GIVEN RECORDS:
[Start of Attachment]

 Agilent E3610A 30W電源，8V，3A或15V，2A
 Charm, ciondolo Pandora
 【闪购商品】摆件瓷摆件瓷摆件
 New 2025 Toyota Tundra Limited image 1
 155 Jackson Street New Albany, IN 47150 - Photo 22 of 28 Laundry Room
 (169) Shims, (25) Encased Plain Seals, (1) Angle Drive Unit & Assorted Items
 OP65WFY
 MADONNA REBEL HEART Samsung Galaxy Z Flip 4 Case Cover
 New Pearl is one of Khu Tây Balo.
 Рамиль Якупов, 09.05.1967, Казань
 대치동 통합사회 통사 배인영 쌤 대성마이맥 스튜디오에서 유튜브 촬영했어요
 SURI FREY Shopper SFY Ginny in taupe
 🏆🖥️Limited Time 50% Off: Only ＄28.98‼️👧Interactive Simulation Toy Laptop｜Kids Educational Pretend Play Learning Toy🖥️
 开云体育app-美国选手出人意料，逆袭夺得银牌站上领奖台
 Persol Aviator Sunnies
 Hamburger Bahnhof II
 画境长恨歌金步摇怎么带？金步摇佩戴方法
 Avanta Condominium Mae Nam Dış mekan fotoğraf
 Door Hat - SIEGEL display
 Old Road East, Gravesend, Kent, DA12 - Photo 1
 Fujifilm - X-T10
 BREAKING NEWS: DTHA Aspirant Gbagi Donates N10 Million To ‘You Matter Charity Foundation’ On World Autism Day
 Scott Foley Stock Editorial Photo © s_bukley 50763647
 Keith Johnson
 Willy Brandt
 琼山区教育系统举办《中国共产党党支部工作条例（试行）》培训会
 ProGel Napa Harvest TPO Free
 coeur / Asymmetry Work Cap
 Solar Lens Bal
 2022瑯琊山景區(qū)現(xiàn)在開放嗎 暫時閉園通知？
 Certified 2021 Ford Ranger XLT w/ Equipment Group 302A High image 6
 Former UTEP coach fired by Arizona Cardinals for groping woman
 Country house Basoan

[End of Attachment]

EXERCISE REQUIREMENTS: All lines above between those holding "Play Learning Toy🖥️" and "Fujifilm - X-T10", inclusive, must be set down unchanged, and no other line may be included.

TASK RESULT:
 🏆🖥️Limited Time 50% Off: Only ＄28.98‼️👧Interactive Simulation Toy Laptop｜Kids Educational Pretend Play Learning Toy🖥️
 开云体育app-美国选手出人意料，逆袭夺得银牌站上领奖台
 Persol Aviator Sunnies
 Hamburger Bahnhof II
 画境长恨歌金步摇怎么带？金步摇佩戴方法
 Avanta Condominium Mae Nam Dış mekan fotoğraf
 Door Hat - SIEGEL display
 Old Road East, Gravesend, Kent, DA12 - Photo 1
 Fujifilm - X-T10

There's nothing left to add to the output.